(Records shown begins)
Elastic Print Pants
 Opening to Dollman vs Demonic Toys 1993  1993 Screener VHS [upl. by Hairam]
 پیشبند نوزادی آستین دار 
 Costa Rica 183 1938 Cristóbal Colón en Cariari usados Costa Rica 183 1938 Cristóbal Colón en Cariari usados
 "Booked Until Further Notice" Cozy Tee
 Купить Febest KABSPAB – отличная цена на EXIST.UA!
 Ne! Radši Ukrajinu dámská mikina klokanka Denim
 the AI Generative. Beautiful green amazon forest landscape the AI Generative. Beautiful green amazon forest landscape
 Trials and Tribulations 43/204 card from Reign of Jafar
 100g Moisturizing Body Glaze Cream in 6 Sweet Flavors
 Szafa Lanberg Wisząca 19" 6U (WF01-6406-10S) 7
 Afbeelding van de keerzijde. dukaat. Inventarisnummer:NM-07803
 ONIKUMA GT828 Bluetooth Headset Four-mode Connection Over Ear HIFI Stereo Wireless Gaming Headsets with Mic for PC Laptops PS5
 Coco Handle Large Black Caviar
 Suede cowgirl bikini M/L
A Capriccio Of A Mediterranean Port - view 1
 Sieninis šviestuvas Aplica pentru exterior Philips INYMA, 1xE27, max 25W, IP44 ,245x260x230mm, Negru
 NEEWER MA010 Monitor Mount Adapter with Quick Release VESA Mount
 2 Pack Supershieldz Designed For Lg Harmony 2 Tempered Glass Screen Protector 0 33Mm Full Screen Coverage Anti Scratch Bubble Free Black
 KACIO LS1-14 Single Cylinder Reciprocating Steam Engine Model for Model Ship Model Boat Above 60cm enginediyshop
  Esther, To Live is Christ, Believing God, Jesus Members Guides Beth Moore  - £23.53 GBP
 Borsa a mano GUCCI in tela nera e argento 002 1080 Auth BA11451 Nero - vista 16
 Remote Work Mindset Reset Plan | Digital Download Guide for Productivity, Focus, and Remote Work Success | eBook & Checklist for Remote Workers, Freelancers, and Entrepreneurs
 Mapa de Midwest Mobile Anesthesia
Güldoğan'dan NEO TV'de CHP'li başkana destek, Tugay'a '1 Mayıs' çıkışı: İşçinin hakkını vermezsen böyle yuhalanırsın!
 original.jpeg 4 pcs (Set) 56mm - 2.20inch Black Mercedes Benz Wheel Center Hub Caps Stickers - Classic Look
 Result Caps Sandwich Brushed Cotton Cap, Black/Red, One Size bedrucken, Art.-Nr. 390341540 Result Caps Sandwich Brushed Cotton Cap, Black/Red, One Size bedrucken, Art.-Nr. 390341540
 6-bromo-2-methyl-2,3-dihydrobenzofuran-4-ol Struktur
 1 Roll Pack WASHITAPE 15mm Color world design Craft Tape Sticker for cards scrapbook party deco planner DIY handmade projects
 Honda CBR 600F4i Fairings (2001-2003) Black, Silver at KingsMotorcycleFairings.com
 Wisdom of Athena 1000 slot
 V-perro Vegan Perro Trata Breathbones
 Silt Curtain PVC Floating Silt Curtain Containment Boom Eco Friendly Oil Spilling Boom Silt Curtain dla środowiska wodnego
(Records shown ends)
[Task statement]: Please transcribe all of the data above exactly.

[Solution for this exercise]:
Elastic Print Pants
 Opening to Dollman vs Demonic Toys 1993  1993 Screener VHS [upl. by Hairam]
 پیشبند نوزادی آستین دار 
 Costa Rica 183 1938 Cristóbal Colón en Cariari usados Costa Rica 183 1938 Cristóbal Colón en Cariari usados
 "Booked Until Further Notice" Cozy Tee
 Купить Febest KABSPAB – отличная цена на EXIST.UA!
 Ne! Radši Ukrajinu dámská mikina klokanka Denim
 the AI Generative. Beautiful green amazon forest landscape the AI Generative. Beautiful green amazon forest landscape
 Trials and Tribulations 43/204 card from Reign of Jafar
 100g Moisturizing Body Glaze Cream in 6 Sweet Flavors
 Szafa Lanberg Wisząca 19" 6U (WF01-6406-10S) 7
 Afbeelding van de keerzijde. dukaat. Inventarisnummer:NM-07803
 ONIKUMA GT828 Bluetooth Headset Four-mode Connection Over Ear HIFI Stereo Wireless Gaming Headsets with Mic for PC Laptops PS5
 Coco Handle Large Black Caviar
 Suede cowgirl bikini M/L
A Capriccio Of A Mediterranean Port - view 1
 Sieninis šviestuvas Aplica pentru exterior Philips INYMA, 1xE27, max 25W, IP44 ,245x260x230mm, Negru
 NEEWER MA010 Monitor Mount Adapter with Quick Release VESA Mount
 2 Pack Supershieldz Designed For Lg Harmony 2 Tempered Glass Screen Protector 0 33Mm Full Screen Coverage Anti Scratch Bubble Free Black
 KACIO LS1-14 Single Cylinder Reciprocating Steam Engine Model for Model Ship Model Boat Above 60cm enginediyshop
  Esther, To Live is Christ, Believing God, Jesus Members Guides Beth Moore  - £23.53 GBP
 Borsa a mano GUCCI in tela nera e argento 002 1080 Auth BA11451 Nero - vista 16
 Remote Work Mindset Reset Plan | Digital Download Guide for Productivity, Focus, and Remote Work Success | eBook & Checklist for Remote Workers, Freelancers, and Entrepreneurs
 Mapa de Midwest Mobile Anesthesia
Güldoğan'dan NEO TV'de CHP'li başkana destek, Tugay'a '1 Mayıs' çıkışı: İşçinin hakkını vermezsen böyle yuhalanırsın!
 original.jpeg 4 pcs (Set) 56mm - 2.20inch Black Mercedes Benz Wheel Center Hub Caps Stickers - Classic Look
 Result Caps Sandwich Brushed Cotton Cap, Black/Red, One Size bedrucken, Art.-Nr. 390341540 Result Caps Sandwich Brushed Cotton Cap, Black/Red, One Size bedrucken, Art.-Nr. 390341540
 6-bromo-2-methyl-2,3-dihydrobenzofuran-4-ol Struktur
 1 Roll Pack WASHITAPE 15mm Color world design Craft Tape Sticker for cards scrapbook party deco planner DIY handmade projects
 Honda CBR 600F4i Fairings (2001-2003) Black, Silver at KingsMotorcycleFairings.com
 Wisdom of Athena 1000 slot
 V-perro Vegan Perro Trata Breathbones
 Silt Curtain PVC Floating Silt Curtain Containment Boom Eco Friendly Oil Spilling Boom Silt Curtain dla środowiska wodnego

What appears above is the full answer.